Severino Francisco
Vladimir não nasceu em Brasília, mas, como diz o ator João Antônio, renasceu em Brasília. Sem deixar de ser paraibano, ficou ainda mais brasileiro no Planalto. Ele é épico; e a capital modernista também é. Em Brasília, reencontrou a aventura de redescobrir e refazer o Brasil, com as grandezas, mas também com as contradições e mazelas exasperantes.
Trouxe para Brasília o espírito de inquietação de uma das nascentes do Cinema Novo, pois participou como assistente de Aruanda, documentário de Linduarte Noronha, em que, pela primeira vez, a luz crua do sertão estouraria na tela sem o filtro das lentes, e de Cabra marcado para morrer, de Eduardo Coutinho, na primeira versão, marco de despojamento do cinema-verdade no Brasil. Inspirado nas experimentações de Aruanda, Glauber faria a estética da fome desembocar em Deus e o Diabo na Terra do Sol.
Paulo Emílio Sales Gomes e Nelson Pereira dos Santos plantaram a semente do cinema na UnB dos tempos inaugurais da virada dos anos 1960. Mas quem conseguiu, efetivamente, viabilizar o projeto foi Vladimir, na década de 1970, com o espírito de Dom Quixote paraibano, idealista, mas pragmático, sob o cerco do regime de exceção. É uma pessoa de solidariedade franciscana, pungente e absoluta.
É difícil encontrar alguém da área cultural que não tenha alguma dívida de gratidão com Vladimir. Ele humaniza, civiliza, viriliza, dignifica e eleva Brasília, com seu espírito aguerrido e inflamado. Para prevalecer nesse mundo cão, a bondade não pode ser boazinha, tem de ser brava.
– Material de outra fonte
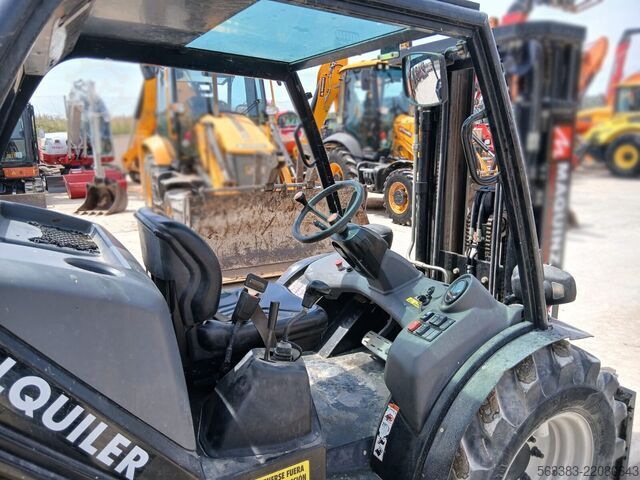 Terenski viličar Manitou MC18.4 D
Depois que se aposentou, Vladimir passa grande parte do tempo enfurnado na Cinememória, em meio a câmeras, moviolas, documentos e a sua produção de artista plástico. Em face da desmemória que grassa na cidade e no país, ele criou um museu particular, doou tudo para a Universidade de Brasília, mas a instituição não honrou o compromisso. Abrigar esse acervo seria o melhor presente que a cidade poderia dar a Vladimir e a si mesma.
Quando Vladimir fez 80 anos, a data foi comemorada com uma mostra retrospectiva no CCBB. No último dia, Vladimir conversou com o público. Na saída, fui cumprimentá-lo e logo amigos de diversas idades chegaram. Vladimir disse alguma coisa sobre o exagero das comemorações e eu refutei prontamente. Acho que as pessoas de valor precisam ser reverenciadas em vida. Citei Cartola, que sentenciou: “Quem gosta de homenagem depois de morto, é estátua”.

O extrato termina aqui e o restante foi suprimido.